In this moving place, behind the ochre walls of this former industrial building, Dominique Bluzet decided to relocate the Easter Festival, for a unique day where memory, thought, creation, and commitment intertwined. “Because here, the music does not come to soften History, it comes to confront it, question it, cross it,” the festival’s executive director specifies. Despite deprivation and lack of resources, Camp des Milles paradoxically became a place of creation for many interned artists, whether painters, writers, or musicians. “In adversity, art knew how to embody resistance, and artists knew how to transform suffering into hope,” pays tribute Daniel Baal, president of CIC, a founding partner of the Easter Festival.

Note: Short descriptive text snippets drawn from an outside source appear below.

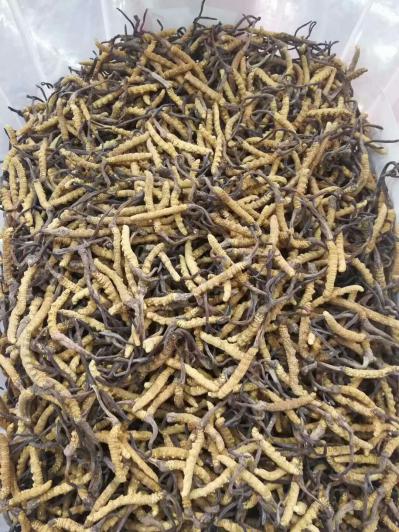 冬虫夏草可货到付款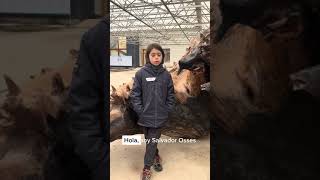 Salvador Osses - Niño de Puerto Montt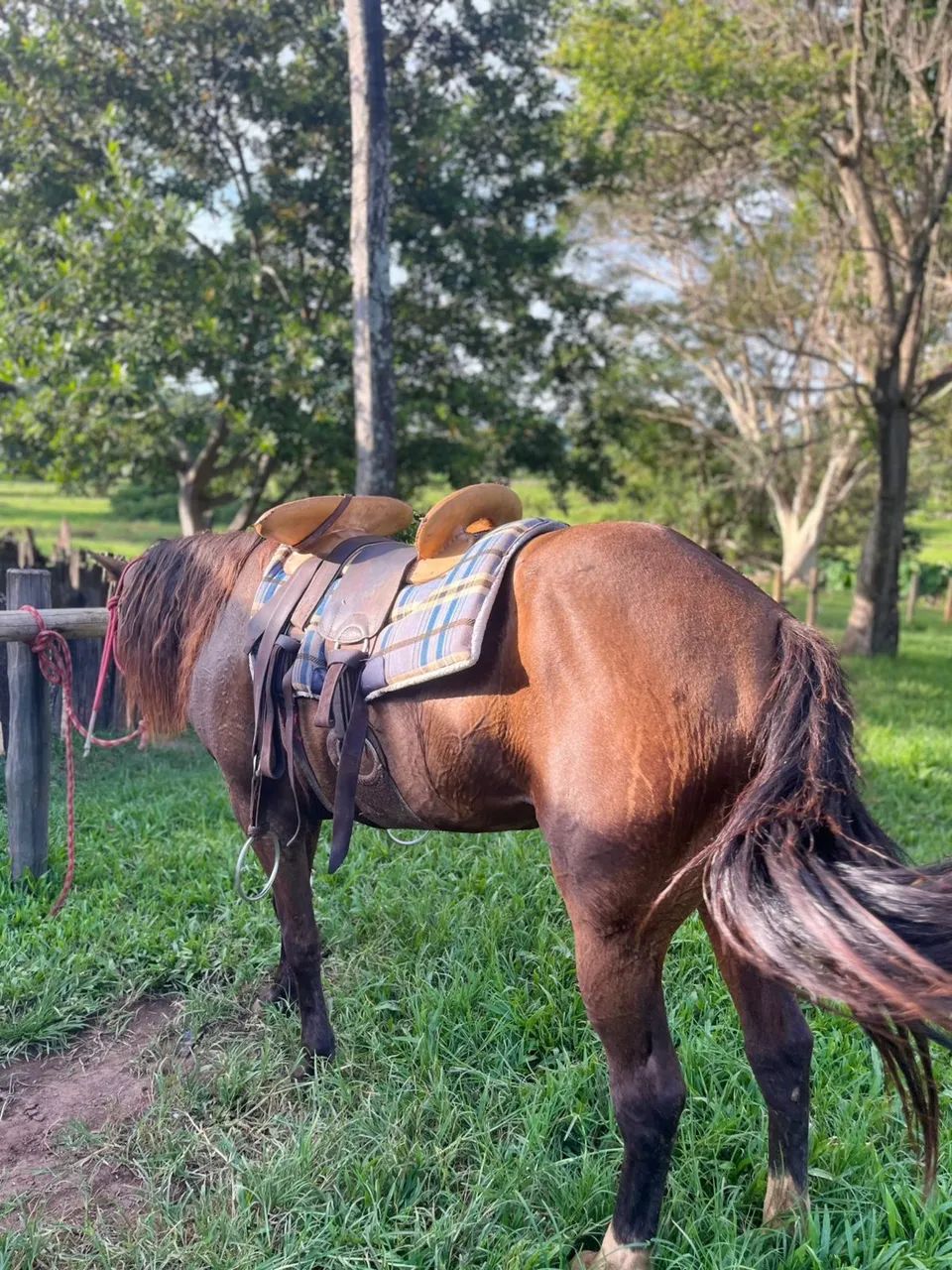 Égua criola com quarto de milha - Foto 2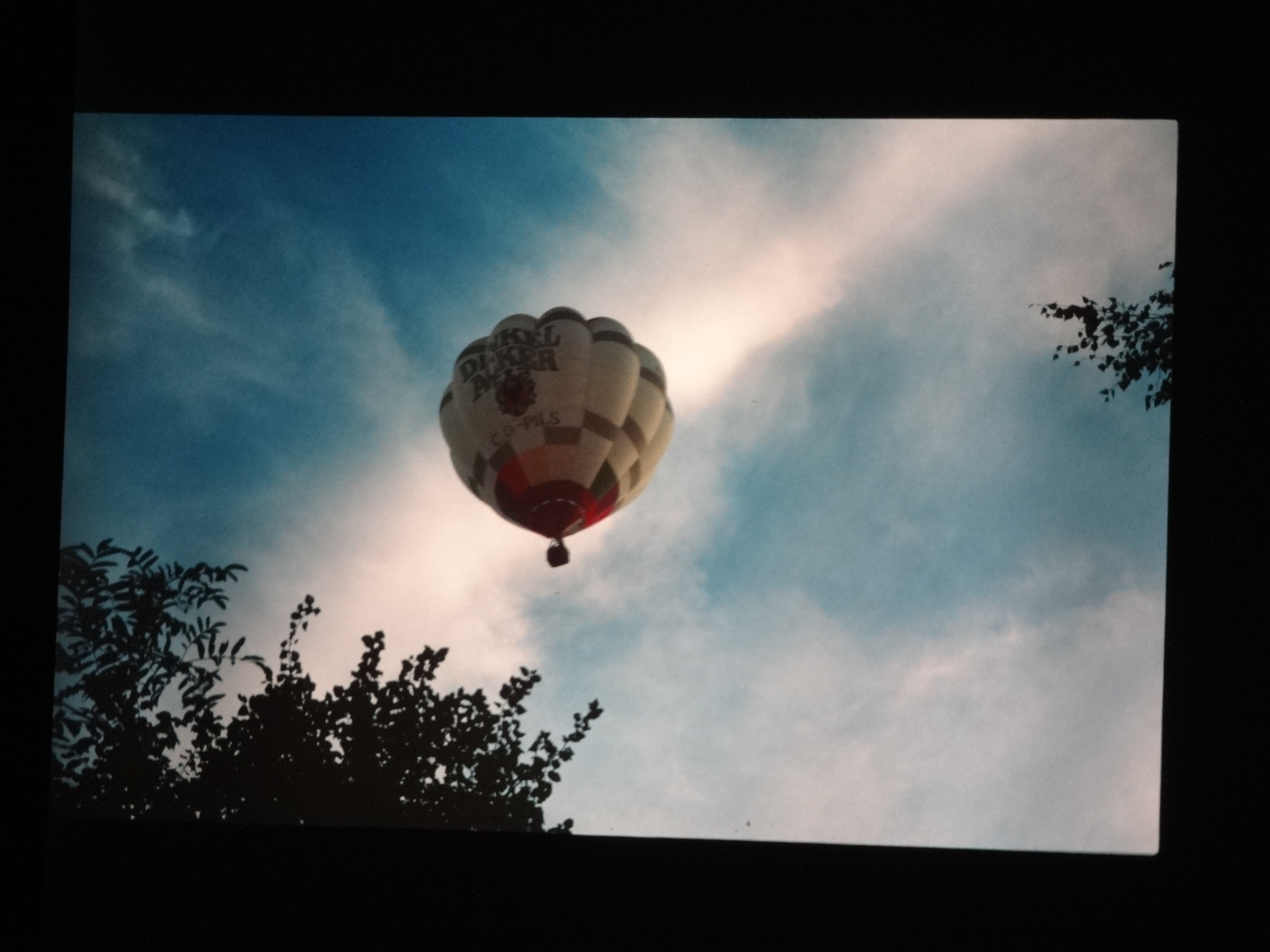 1993_bodensee230___von_Ordner___1993_pellworm_bodens_tina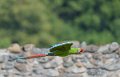 ara-a74_06487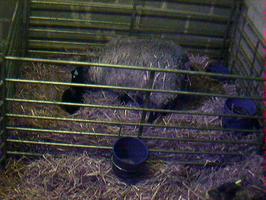 Lamb#1 seconds after being born (lambcam view) Lamb#1 seconds after being born (lambcam view)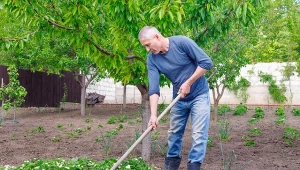 Odżywia glebę cały rok. Pokrusz i wymieszaj z podłożem na rabacie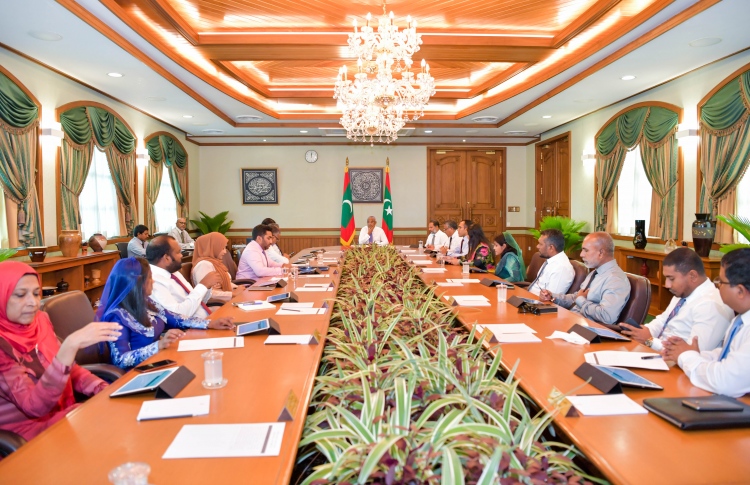 އެކަނިވެރި މައިންނަށް ދޭ އެލަވަންސް ބޮޑުކުރަނީ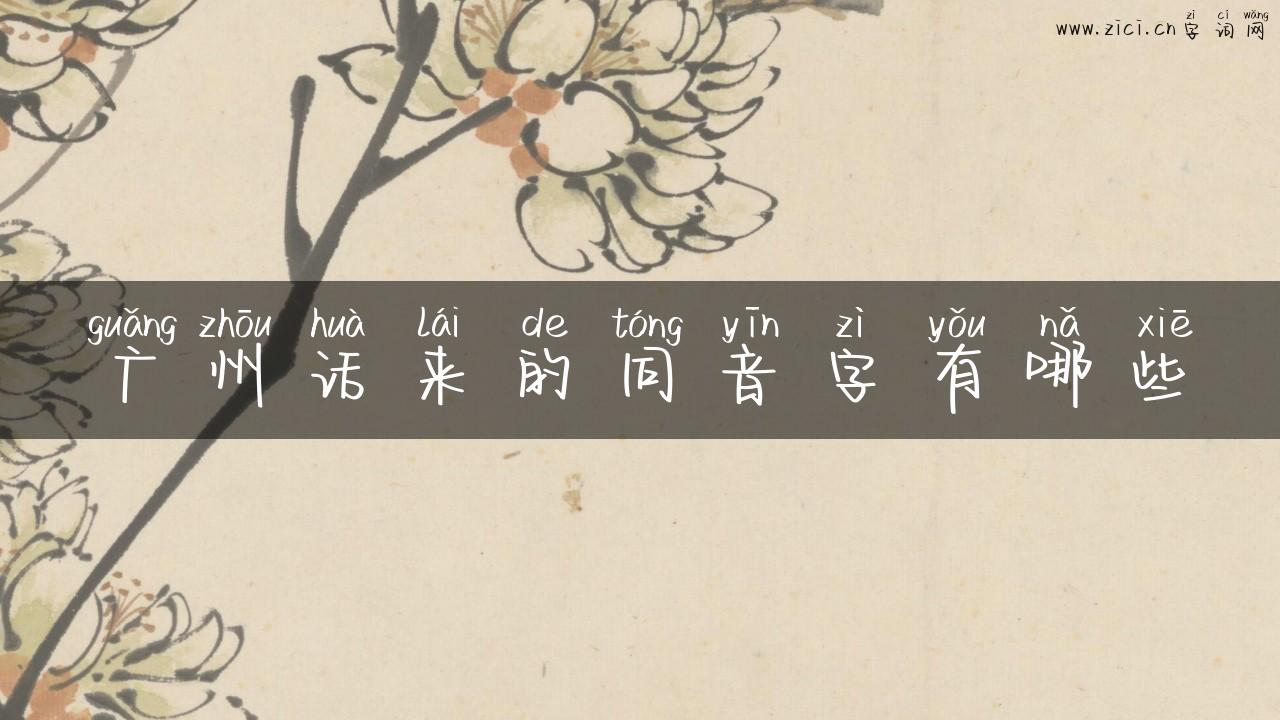 广州话来的同音字有哪些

An opportunity for Renaud Capuçon, a renowned violinist and artistic director of the festival, to honor their memory by performing the music of the Terezin camp. Touching works born in the most radical distress in the heart of a sinister Nazi ghetto in Bohemia. In this extermination camp near Prague, under the falsely complaisant authority of the SS, many intellectuals and artists organized an intense cultural life, revealing the power of creation as an act of resistance.

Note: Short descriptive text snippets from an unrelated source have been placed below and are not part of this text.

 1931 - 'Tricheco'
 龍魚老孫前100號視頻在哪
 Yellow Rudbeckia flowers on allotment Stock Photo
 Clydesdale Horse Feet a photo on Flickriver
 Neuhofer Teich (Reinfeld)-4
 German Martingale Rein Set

“Creating is resisting. Resisting is creating.”

Invited to discuss the theme, “what art conveys to democracy,” Bernard Foccroulle, a famous Belgian organist and composer, evokes the name of Hélène Berr, a brilliant Jewish student at the Sorbonne, who had started an intimate journal before being deported and dying at the hands of her torturers. “For me, she continues to live through the extraordinary testimony she left us.”

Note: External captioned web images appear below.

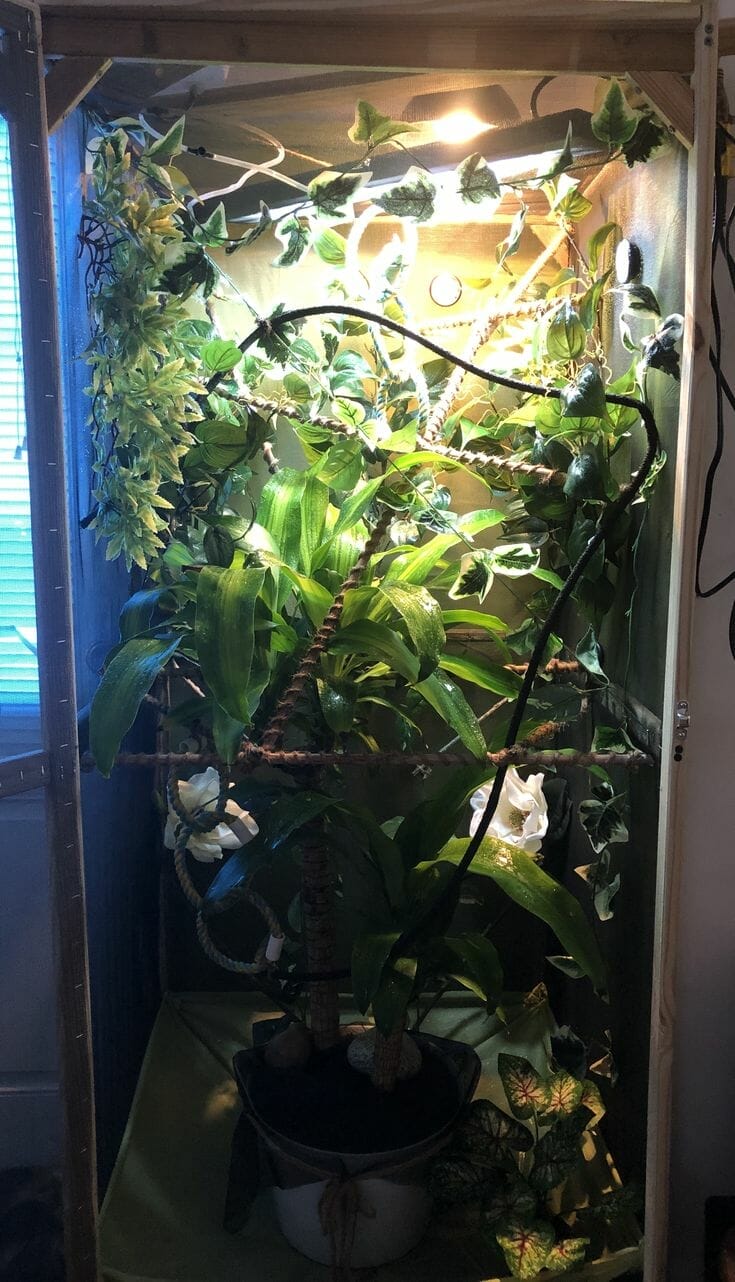 10 Best Live Plants For Chameleon Enclosure In 2023 The Wrench Finder
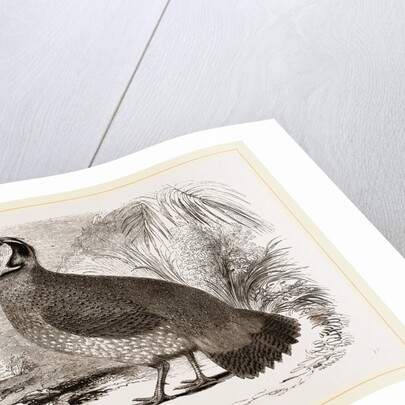 Temminck's Horned Pheasant by Anonymous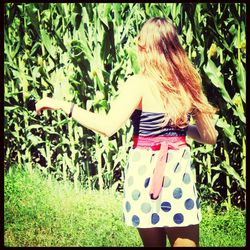 grass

So why is she less known than Anne Frank, a young German Jewish girl, whose book recounting her clandestine daily life until her arrest by the Nazis is one of the most read in the world? “Because France has not done its work of mourning and responsibility,” regrets Jacques Attali, former adviser to François Mitterrand, also present at this roundtable.

By combining music with memory, this immersion at Camp des Milles reminds us of the importance of combating all forms of extremism. “Creating is resisting. Resisting is creating,” argues Bernard Foccroulle, quoting Stéphane Hessel’s tirade. He mentions Rostropovitch, playing in front of the Berlin Wall in 1989. “That day, music was summoned to support freedom,” expanding the debate in a tense international climate. “We must resist. Many artists are in prison, they are often at the forefront of those targeted.” Faced with barbarism, the creative act has always been synonymous with resilience and dignity.